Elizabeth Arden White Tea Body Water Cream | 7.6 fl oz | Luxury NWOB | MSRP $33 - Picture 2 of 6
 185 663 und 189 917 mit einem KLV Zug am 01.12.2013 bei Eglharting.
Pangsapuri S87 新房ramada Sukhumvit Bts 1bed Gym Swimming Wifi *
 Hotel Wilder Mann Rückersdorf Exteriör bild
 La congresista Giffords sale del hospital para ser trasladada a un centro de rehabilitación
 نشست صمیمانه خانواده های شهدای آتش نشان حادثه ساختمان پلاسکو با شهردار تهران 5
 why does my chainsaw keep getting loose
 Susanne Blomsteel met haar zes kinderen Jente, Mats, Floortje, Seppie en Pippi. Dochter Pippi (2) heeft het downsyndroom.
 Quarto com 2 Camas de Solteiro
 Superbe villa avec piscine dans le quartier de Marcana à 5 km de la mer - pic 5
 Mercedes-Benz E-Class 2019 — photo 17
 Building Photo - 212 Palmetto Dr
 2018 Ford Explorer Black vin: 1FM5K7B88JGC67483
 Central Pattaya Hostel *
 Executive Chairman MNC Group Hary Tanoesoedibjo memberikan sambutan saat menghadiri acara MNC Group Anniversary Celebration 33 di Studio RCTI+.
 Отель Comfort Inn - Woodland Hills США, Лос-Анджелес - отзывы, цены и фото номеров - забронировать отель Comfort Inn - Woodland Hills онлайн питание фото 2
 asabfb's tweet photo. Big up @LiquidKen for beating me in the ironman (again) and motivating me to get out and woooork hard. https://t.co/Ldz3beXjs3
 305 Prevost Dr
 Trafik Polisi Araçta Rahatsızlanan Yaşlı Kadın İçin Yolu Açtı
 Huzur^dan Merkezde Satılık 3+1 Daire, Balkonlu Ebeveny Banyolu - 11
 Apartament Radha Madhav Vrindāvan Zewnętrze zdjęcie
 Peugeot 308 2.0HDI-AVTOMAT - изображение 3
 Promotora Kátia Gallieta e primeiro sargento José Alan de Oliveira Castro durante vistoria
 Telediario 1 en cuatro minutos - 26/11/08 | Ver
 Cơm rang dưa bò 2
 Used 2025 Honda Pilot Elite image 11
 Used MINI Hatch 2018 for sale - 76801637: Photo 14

####

*Work instructions*
The required output is all of the material, word for word.

*Task result*
Elizabeth Arden White Tea Body Water Cream | 7.6 fl oz | Luxury NWOB | MSRP $33 - Picture 2 of 6
 185 663 und 189 917 mit einem KLV Zug am 01.12.2013 bei Eglharting.
Pangsapuri S87 新房ramada Sukhumvit Bts 1bed Gym Swimming Wifi *
 Hotel Wilder Mann Rückersdorf Exteriör bild
 La congresista Giffords sale del hospital para ser trasladada a un centro de rehabilitación
 نشست صمیمانه خانواده های شهدای آتش نشان حادثه ساختمان پلاسکو با شهردار تهران 5
 why does my chainsaw keep getting loose
 Susanne Blomsteel met haar zes kinderen Jente, Mats, Floortje, Seppie en Pippi. Dochter Pippi (2) heeft het downsyndroom.
 Quarto com 2 Camas de Solteiro
 Superbe villa avec piscine dans le quartier de Marcana à 5 km de la mer - pic 5
 Mercedes-Benz E-Class 2019 — photo 17
 Building Photo - 212 Palmetto Dr
 2018 Ford Explorer Black vin: 1FM5K7B88JGC67483
 Central Pattaya Hostel *
 Executive Chairman MNC Group Hary Tanoesoedibjo memberikan sambutan saat menghadiri acara MNC Group Anniversary Celebration 33 di Studio RCTI+.
 Отель Comfort Inn - Woodland Hills США, Лос-Анджелес - отзывы, цены и фото номеров - забронировать отель Comfort Inn - Woodland Hills онлайн питание фото 2
 asabfb's tweet photo. Big up @LiquidKen for beating me in the ironman (again) and motivating me to get out and woooork hard. https://t.co/Ldz3beXjs3
 305 Prevost Dr
 Trafik Polisi Araçta Rahatsızlanan Yaşlı Kadın İçin Yolu Açtı
 Huzur^dan Merkezde Satılık 3+1 Daire, Balkonlu Ebeveny Banyolu - 11
 Apartament Radha Madhav Vrindāvan Zewnętrze zdjęcie
 Peugeot 308 2.0HDI-AVTOMAT - изображение 3
 Promotora Kátia Gallieta e primeiro sargento José Alan de Oliveira Castro durante vistoria
 Telediario 1 en cuatro minutos - 26/11/08 | Ver
 Cơm rang dưa bò 2
 Used 2025 Honda Pilot Elite image 11
 Used MINI Hatch 2018 for sale - 76801637: Photo 14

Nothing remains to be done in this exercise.